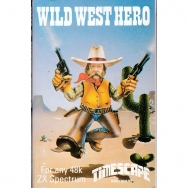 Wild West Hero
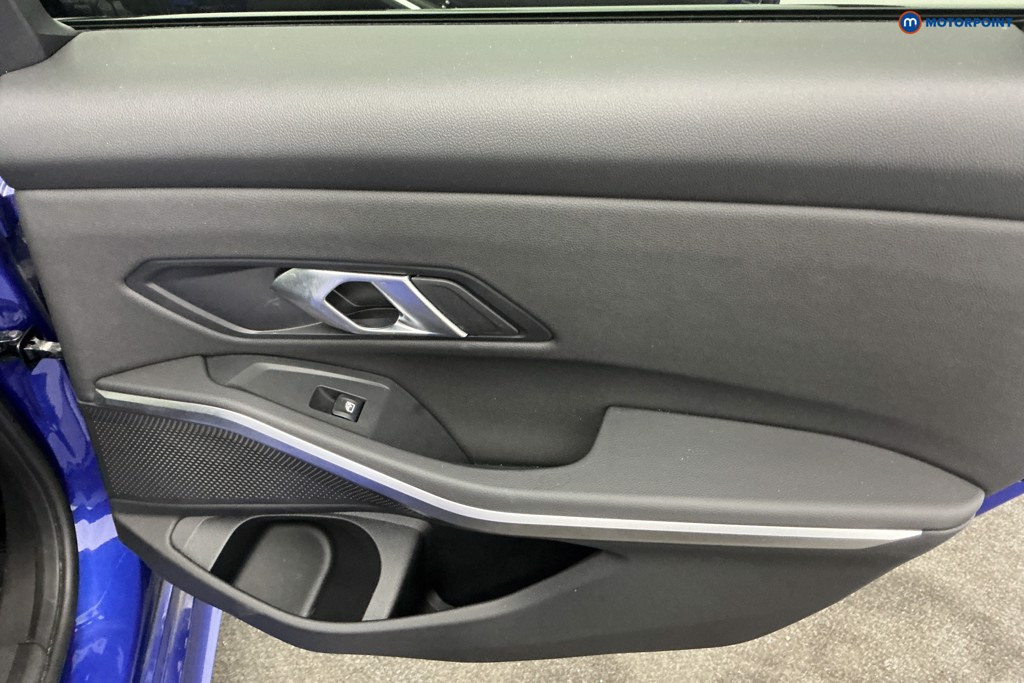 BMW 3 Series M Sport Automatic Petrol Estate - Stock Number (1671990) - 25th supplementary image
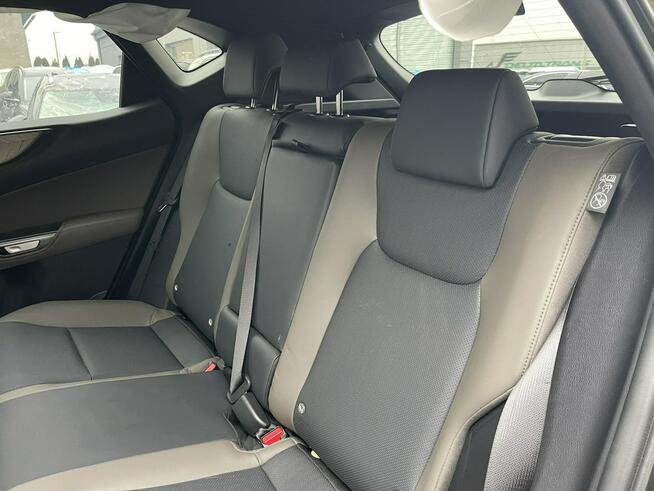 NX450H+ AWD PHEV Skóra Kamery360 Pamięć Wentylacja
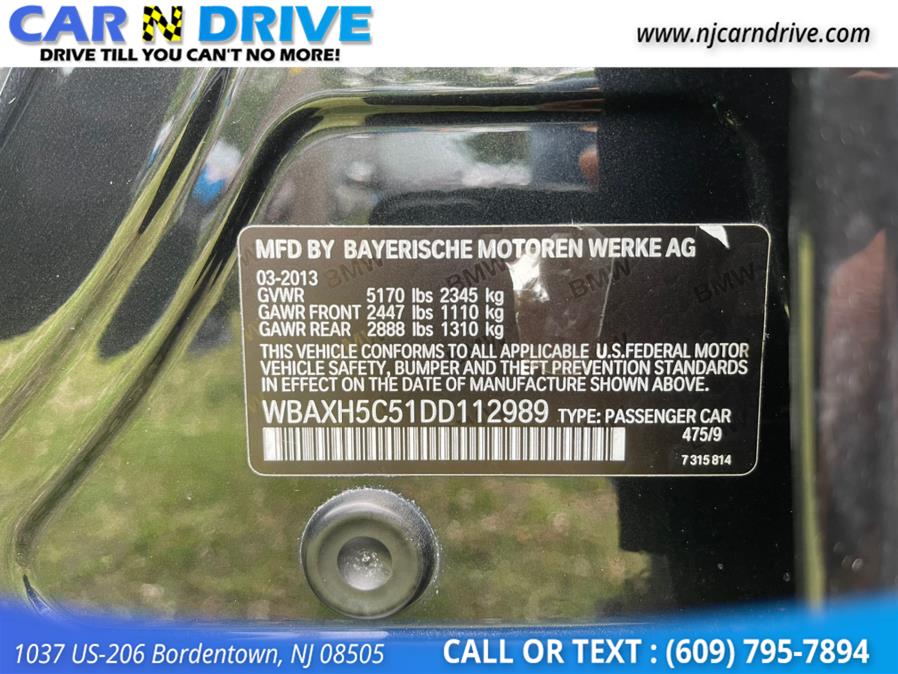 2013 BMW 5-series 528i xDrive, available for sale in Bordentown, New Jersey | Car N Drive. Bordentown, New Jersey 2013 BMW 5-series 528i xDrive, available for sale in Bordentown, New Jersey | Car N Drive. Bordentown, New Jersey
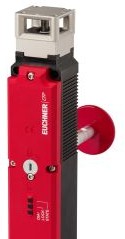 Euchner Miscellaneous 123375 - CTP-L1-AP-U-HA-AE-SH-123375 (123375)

###

## [EXERCISE AIM]
Pictures stay out, but everything else in the records must be output exactly.

## [ANSWER TO THIS PROBLEM]
 Wild West Hero
 BMW 3 Series M Sport Automatic Petrol Estate - Stock Number (1671990) - 25th supplementary image
 NX450H+ AWD PHEV Skóra Kamery360 Pamięć Wentylacja
 2013 BMW 5-series 528i xDrive, available for sale in Bordentown, New Jersey | Car N Drive. Bordentown, New Jersey 2013 BMW 5-series 528i xDrive, available for sale in Bordentown, New Jersey | Car N Drive. Bordentown, New Jersey
 Euchner Miscellaneous 123375 - CTP-L1-AP-U-HA-AE-SH-123375 (123375)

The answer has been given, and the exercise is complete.